# Which broadhead ?



## wet feet (Sep 14, 2009)

I am shooting a goldtip 5575 at 30 inches with an 100 grain brass insert and a 125 grain head. I have been using the muzzy phantom but I think I am going to switch to a different head. I shoot a 55pound bow at 28 inch draw. Here are the heads I am thinking about please tell me which one and why.
Magnus 2 blade
Magnus snuffer 
woodsman 3 blade


----------



## Al33 (Sep 14, 2009)

I love the Magnus I's. The wide blades are easy to sharpen and they make a big hole, but the Magnus II's are just as deadly so that would be my choice of the three you listed . I prefer the penetration of a two blade versus a three or four blade head. When I hit something I want two holes.


----------



## dm/wolfskin (Sep 14, 2009)

I wouldn't switch just because of an unrecovered animal. They are all good broadheads. Your arrow must of went more parallel and hit nothing vital. Mike


----------



## bam_bam (Sep 14, 2009)

I Really like the Magnus I 160grain, like Al said it is easy to get shaving sharp and looks like it would leave a gaping hole (never shot one with them). The magnus stinger looks good too. I am gonna try them with my recurve this year also.


----------



## Arrow Flinger (Sep 14, 2009)

I ordered Magnus 1's and Magnus Snuffers and shot them both.  On identical arrows, I got 40% more penitration with the 2 blades than the snuffers.  That made my mind up!


----------



## trad bow (Sep 14, 2009)

I have shot the Phantoms for three years now. Very deadly head.


----------



## sawtooth (Sep 14, 2009)

you asked for opinions.....here's mine. I really like the magnus two blade. I've been shooting them for years, even in my compound days. easy to sharpen, quiet in flight, no whistling, penetration is awesome when it hits where it's supposed to- and above all- they have never let me down when I've done my job as a bowhunter. plus...... if you damage one, be it your fault or the broadhead's, send it back. Mike Sohm will make it good- no questions asked. looking at the big picture it's a hard broadhead to beat. D.


----------



## BOFF (Sep 14, 2009)

Guess I'm the "other man" as I've been using the WWs for 7-8 years. I'm able to get them hair popping sharp, and I have difficulty in getting a two blade head sharp, so, that is a major factor in my use of them. Like Dendy, I've never had a problem with them, when I do my part.


----------



## BOFF (Sep 14, 2009)

Arrow Flinger said:


> I ordered Magnus 1's and Magnus Snuffers and shot them both.  On identical arrows, I got 40% more penitration with the 2 blades than the snuffers.  That made my mind up!

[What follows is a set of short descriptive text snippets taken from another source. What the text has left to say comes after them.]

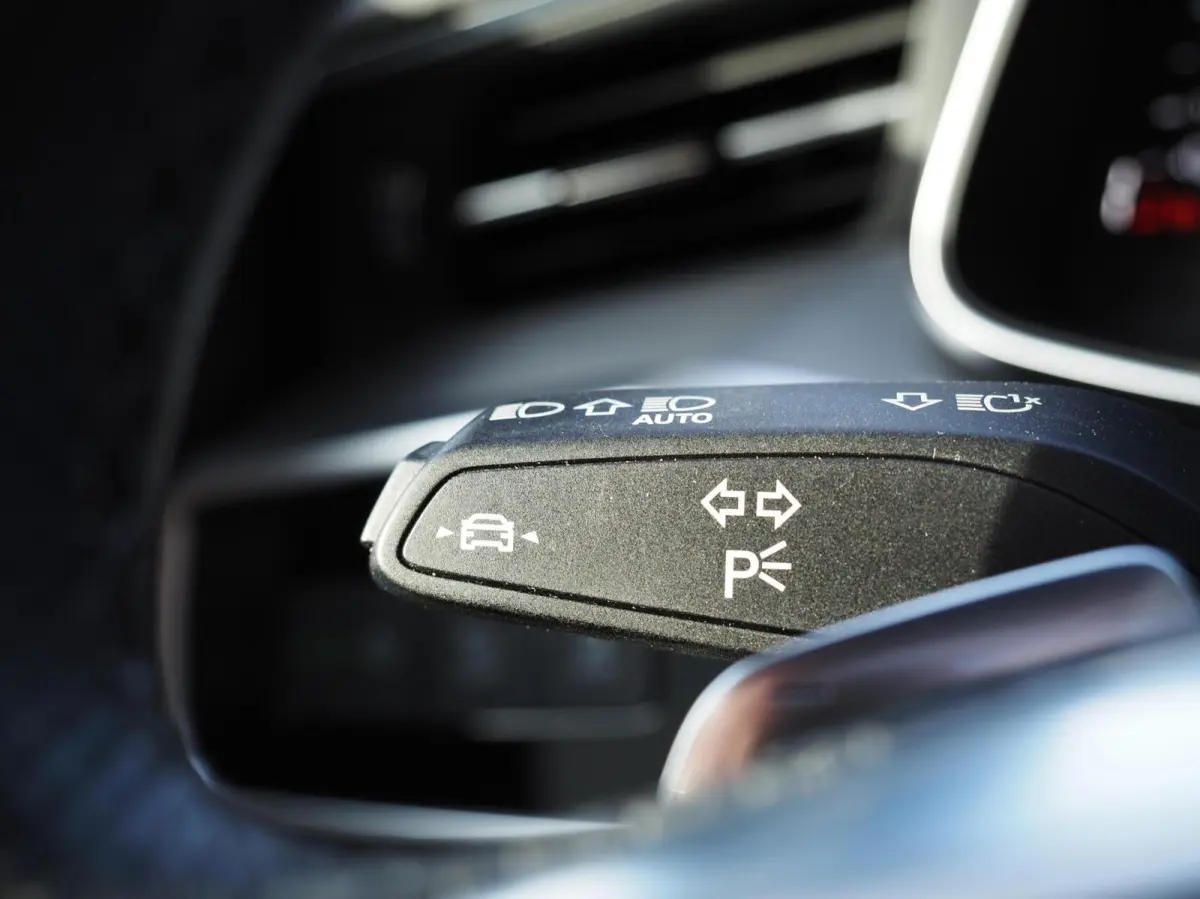 55 TFSI e S-Line Quattro Competition Firmamentblue | Pano | SOH 100% | Trekhaak | 20'' | Alcantara Leder | Stoelverwarming | Matrix Led | Digital Dash | Carplay | Grootlicht Ass | F1 Flipper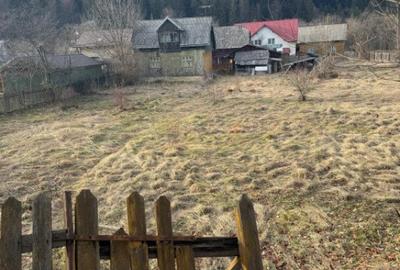 Casă cu 2 camere cu Teren 2064 Mp în Sucevița - 2
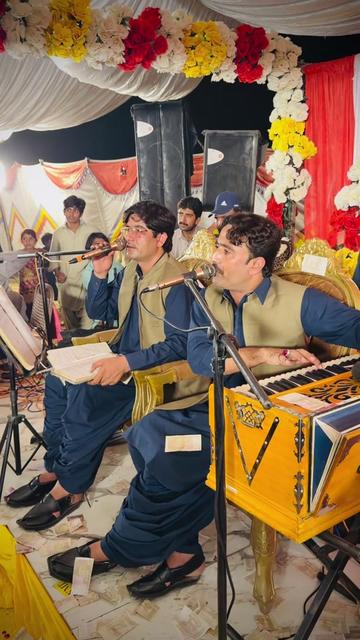 @Singer Tahir Farooq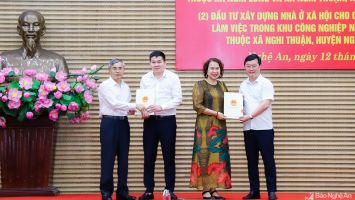 Nghệ An trao Quyết định chấp thuận chủ trương đầu tư 2 dự án nhà ở xã hội cho công nhân
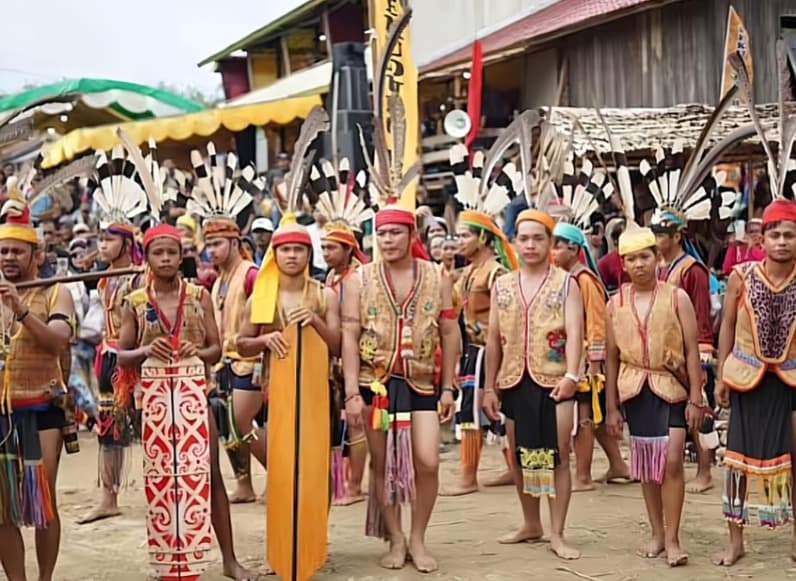 Salah satu Festival Budaya yang ada di Kabupaten Berau. (Foto: Nur Hidayah/Pusaranmedia.com)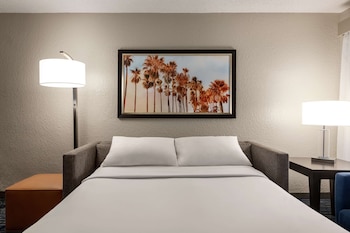 Premium Suite, 2 Queen Beds (Drinks/Snacks & Wi-Fi)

Not doubting you on the results, but curious as how you arrived at the "40% more penetration" and the test you used to determine the penetration.


----------



## Arrow Flinger (Sep 14, 2009)

BOFF said:


> Not doubting you on the results, but curious as how you arrived at the "40% more penetration" and the test you used to determine the penetration.



Same size cedar arrows with glue on heads shot into the rear part of a 3d target that had not been shot before.  I got 4 inches of penetration with the snuffers, got almost 6 inches with the 2 blades.  Did the test 3 times with the same results


----------



## BOFF (Sep 15, 2009)

Arrow Flinger said:


> Same size cedar arrows with glue on heads shot into the rear part of a 3d target that had not been shot before.  I got 4 inches of penetration with the snuffers, got almost 6 inches with the 2 blades.  Did the test 3 times with the same results



Great experiment!! 

Thanks for sharing.

God Bless,
David B.


----------



## LanceColeman (Sep 15, 2009)

I've either been on some broadhead companies shooting and advisory staff or testing Broadheads, or helping Doc Ashby or something to do with a sharp pointy object off and on for the past 15years.

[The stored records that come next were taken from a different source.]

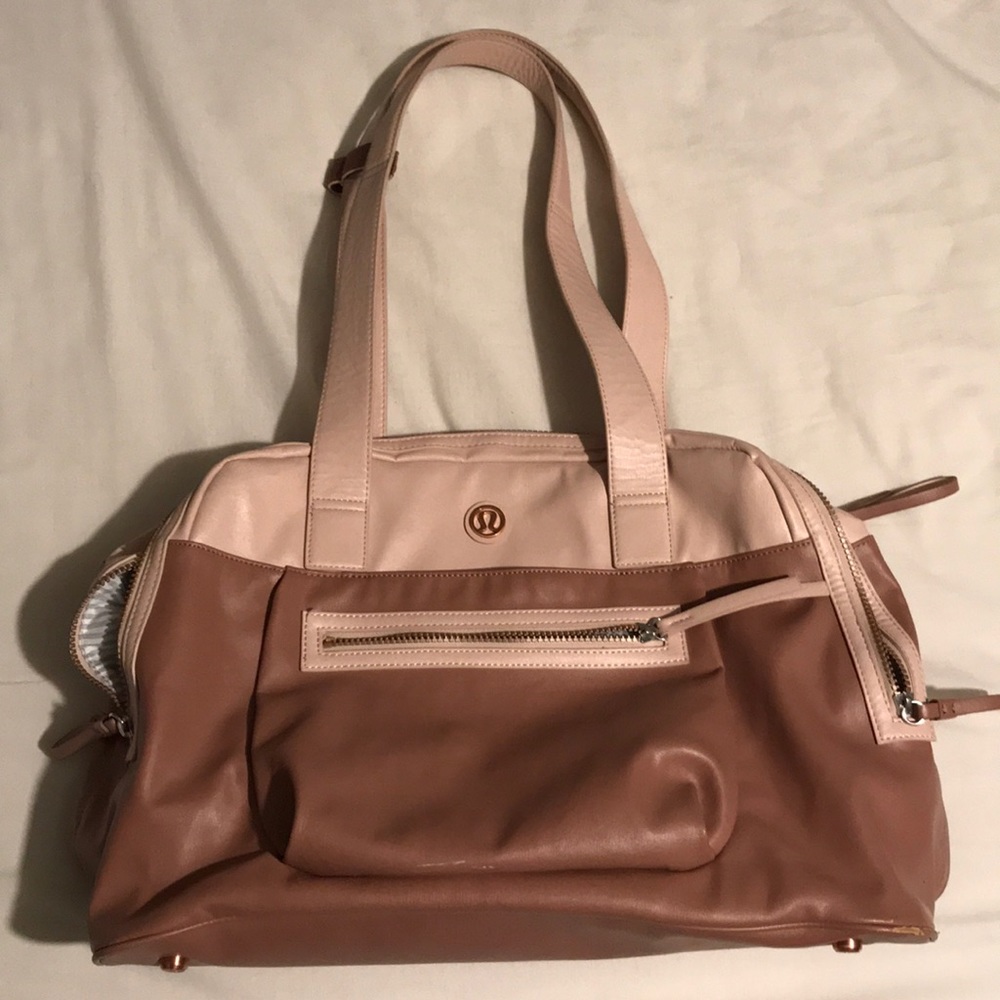 Lululemon gym duffle bag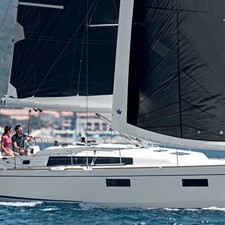 Beneteau Oceanis 38
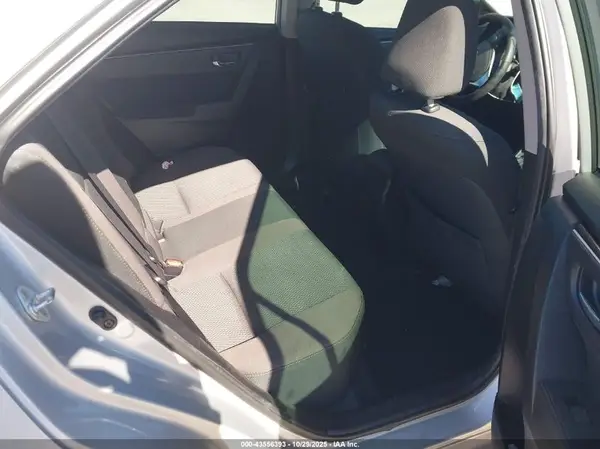 5YFBURHE4HP611572 2017 TOYOTA COROLLA - Image 8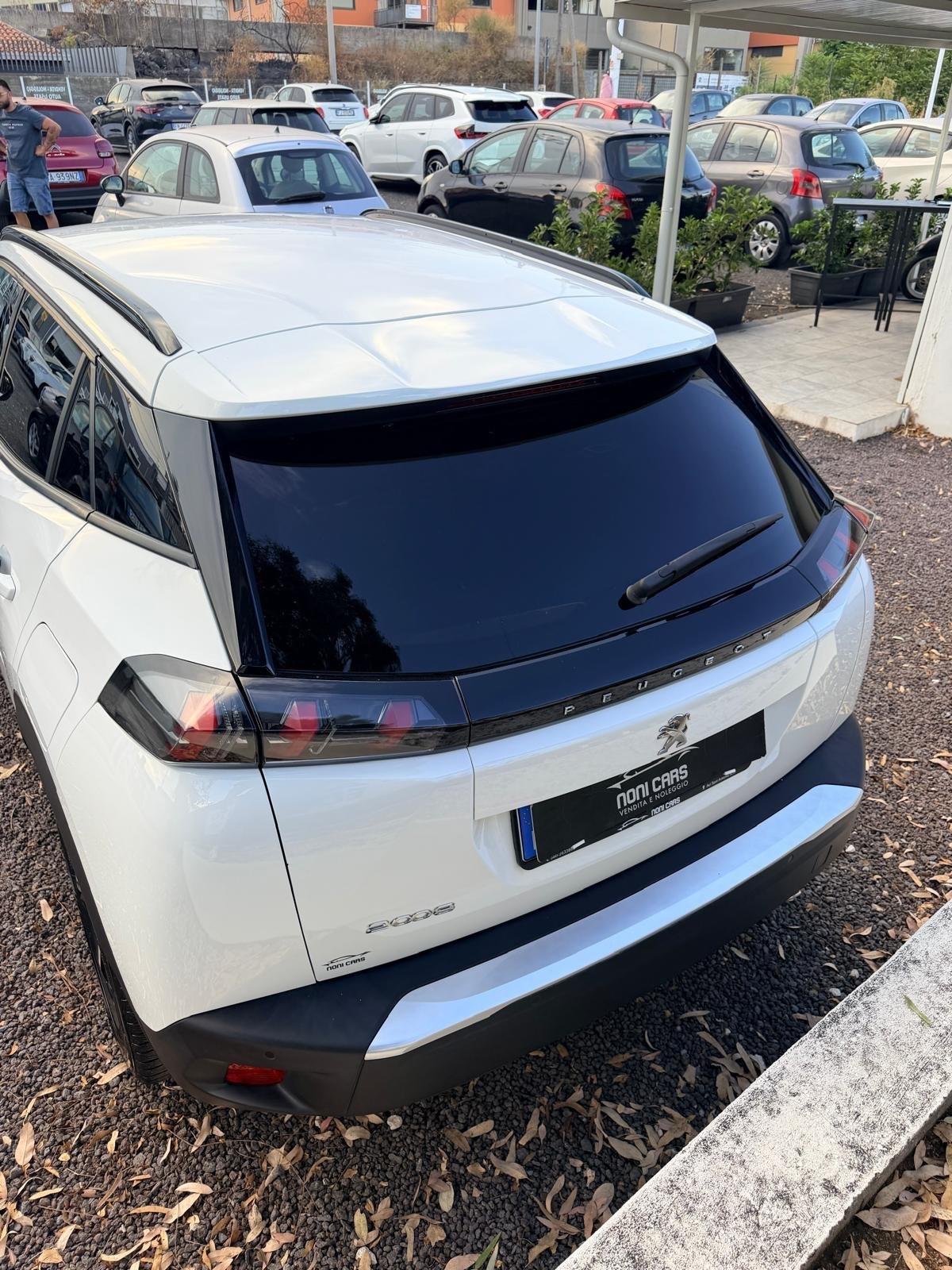 Peugeot 2008 BlueHDi 110 S&S Allure Pack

One thing I can tell you is you truly have NO bad choices in your picks. Just personal ones.

As much time and talk as I have spent with Doc, we tend to see things differently. I guess it's because Doc looks all the way to cape buffalo and the only time I go pass whitetail is shields on boar hogs.

That said I've never liked or prefered a 2 blade BH with less than 1&3/8ths cutting dia. It's just to easy for tensed skin to slip back over the "slit". I've saw the small Mag IIs leave massive trails, and I've saw them shot with the same degree of sharpness from the same shooter on almost identical shots leave sparse spots of blood here and there. As with penetration on bigger heads.. thats not always the case, but it is something that happens.

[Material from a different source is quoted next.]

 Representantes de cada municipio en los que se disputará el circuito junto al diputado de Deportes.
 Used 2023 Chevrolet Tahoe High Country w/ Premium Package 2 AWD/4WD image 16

The only Time I have ever had an issue with a broadheads was with a snuffer. And I love snuffers. It wasn't the blades fault. It was my fault for trying to push a head that size on a light wieght arrow off a lightwieght bow through a whitetails shoulder blade. I did not get an exit wound and the blood trail was sparse to say the least. fortunately a trail dog found the deer. But if not for the dog and the distance the deer traveled it would have been lost for sure. But I've shot completely through way too many deer with 145gr glue on snuffers and below 60# bows to deny the fact that a snuffer is a blood letting killer head.

A longer cutting length will increase penetration as well as amount of hemmoraging (Your chances of hitting a deer and exiting the same deer on a perfect 90 degree angle or slim to none to ay the least, so any off degree of angle or animal reaction will exceed hemmorraging on a longer cutting surface due to longer blade length and more contact). Most of todays compound foused blades have way too short a cutting surface and way to slight a mechanical advantage to their angles for this. But considering the power of todays compounds those are moot points.

A blade closer to a 3:1 ratio gives you a greater mechanical advantage and therefore better penetration. It also has better arrow dynamics and flies truer under different circumstances than shorter wider heads. Example would be it's WAY easier to get an 1&7/16ths wide, 2&13/16ths long ace super express to flie true with damp feathers than it is to get a 1&1/2 wide, 2" long magnus I to do the same. Zwickey deltas are another wide short head that will give less than perfectly tuned arrows flight issues if everythings not executed perfectly.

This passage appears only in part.